WASHINGTON -- More than a million credit card numbers have been stolen from e-commerce websites over the past year, according to the FBI, which blamed the crimes on organized hacker groups in Russia and the Ukraine.
Investigators at the National Infrastructure Protection Center, the FBI's cyber crimes arm, warned Thursday that Internet retailers and online banking firms should be more vigilant in protecting their data. They said well-known security holes should be fixed.
Over the past year, they said, there has been an increase in thefts of credit card numbers and a similar increase in the fraudulent use of credit cards in Russia.
"The investigations have disclosed several organized hacker groups in eastern Europe, specifically Russia and the Ukraine, that have penetrated U.S. e-commerce computer systems," the FBI said.
The FBI broke from its policy of not discussing pending investigations because bureau officials said they believed it necessary to alert the public even though the announcement could compromise their work.
Hundreds of companies have fallen victim, officials said, adding there are more than 40 ongoing investigations in 20 states.
The scheme was said to involve organized crime groups outside the United States.
The hackers are using well-known holes in their targets' websites and transaction software, and the infrastructure center is asking companies to patch holes more quickly.
It is a hassle for customers to change their credit cards after they have been used on compromised e-commerce sites, but companies are even more at risk, security experts say.
Individual liability is capped by law at $50 if fraudulent charges are made on a card, but a company loses consumer confidence and almost assuredly loses the business of the stolen card's holder.

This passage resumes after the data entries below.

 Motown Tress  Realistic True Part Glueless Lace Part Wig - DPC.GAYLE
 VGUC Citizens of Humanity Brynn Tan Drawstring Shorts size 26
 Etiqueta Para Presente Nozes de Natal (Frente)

"E-commerce sites have got to realize that they are fiduciaries of other peoples' information," said Mark Rasch, legal counsel for Predictive Systems, a computer networking firm. "They've got credit cards, names, addresses and buying habits. They have to take that responsibility more seriously."

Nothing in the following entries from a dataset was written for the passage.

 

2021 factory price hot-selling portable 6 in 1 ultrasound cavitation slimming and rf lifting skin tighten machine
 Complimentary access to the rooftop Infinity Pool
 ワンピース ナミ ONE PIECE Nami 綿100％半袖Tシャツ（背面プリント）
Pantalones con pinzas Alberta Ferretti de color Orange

NIPC director Michael Vatis said in January that the bureau periodically sees organized criminal groups make extortion demands related to hacker attempts. It is not known if any of the criminals are sponsored by a government, although that possibility is part of the FBI's investigation.

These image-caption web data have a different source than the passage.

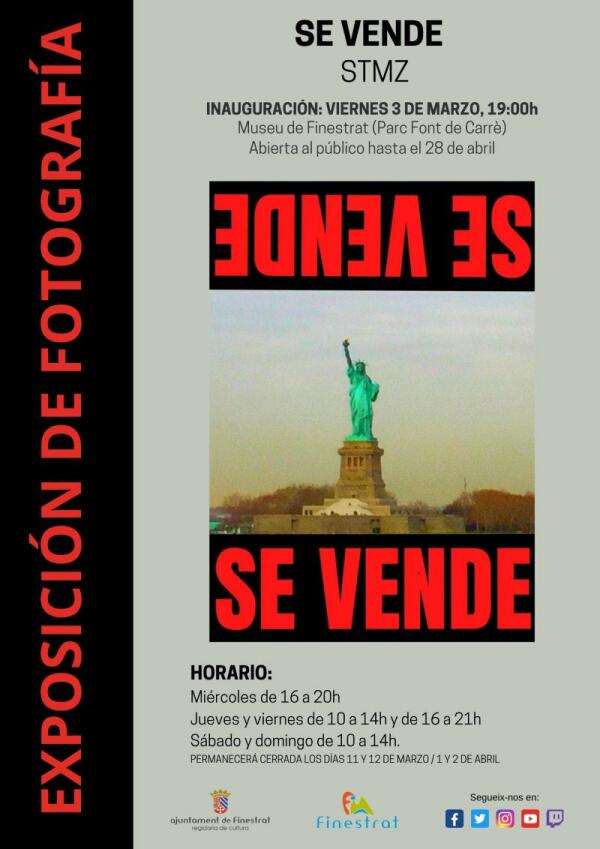 LA AGENDA CULTURAL DE MARZO COMIENZA ESTE VIERNES CON LA INAUGURACIÓN DE LA EXPOSICIÓN “SE VENDE” EN EL MUSEU DE FINESTRAT 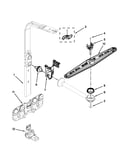 Upper wash and rinse parts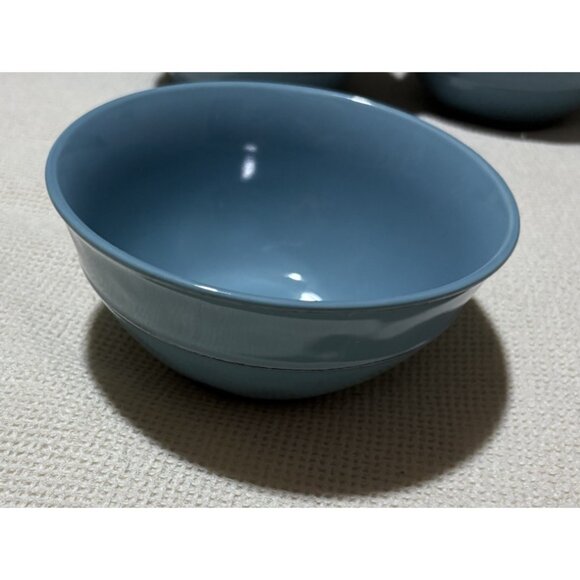 Pier 1 Imports Martillo Blue Corn Stoneware Bowls Set of 8 ~ 6” Soup Cereal Dish - Picture 3 of 4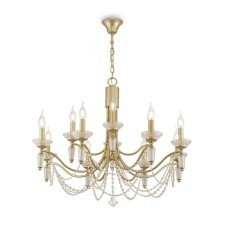 Freya FR2009PL-12G ZOE, 830x830x1750 mm, E14, 12x40W, Color gold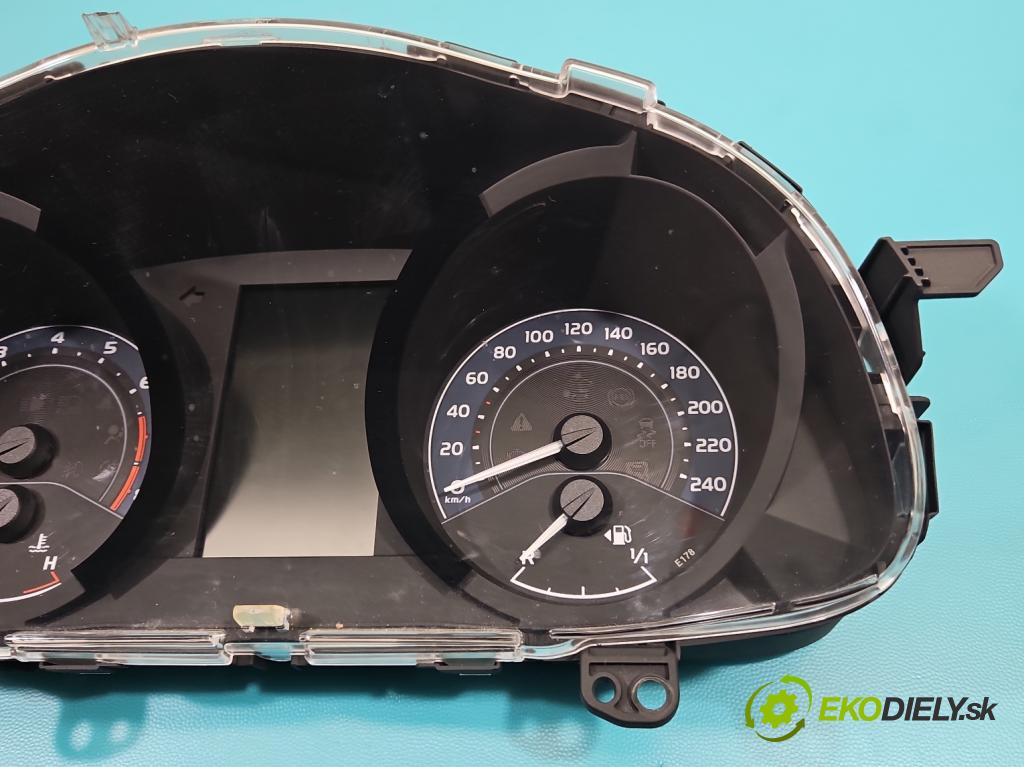 Toyota Auris II 2012-2018 1.6 16V 132  HP manual 97 kW 1598 cm3 5- prístrojovka/ budíky 83800-F2E22 (Prístrojová doska)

In December 1999, a hacker claimed to have stolen the card numbers of 300,000 CD Universe customers. The hacker, using the name Maxim, said he was a 19-year-old from Russia. He released thousands of the numbers when the company refused to pay a $100,000 ransom.
Western Union shut its website for five days in September 2000 after hackers stole the card numbers of more than 15,000 customers.
Last December, another Russian hacker stole more than 55,000 cards from creditcards.com, which processes transactions for online merchants. About 25,000 card numbers were posted online when a $100,000 extortion demand was ignored.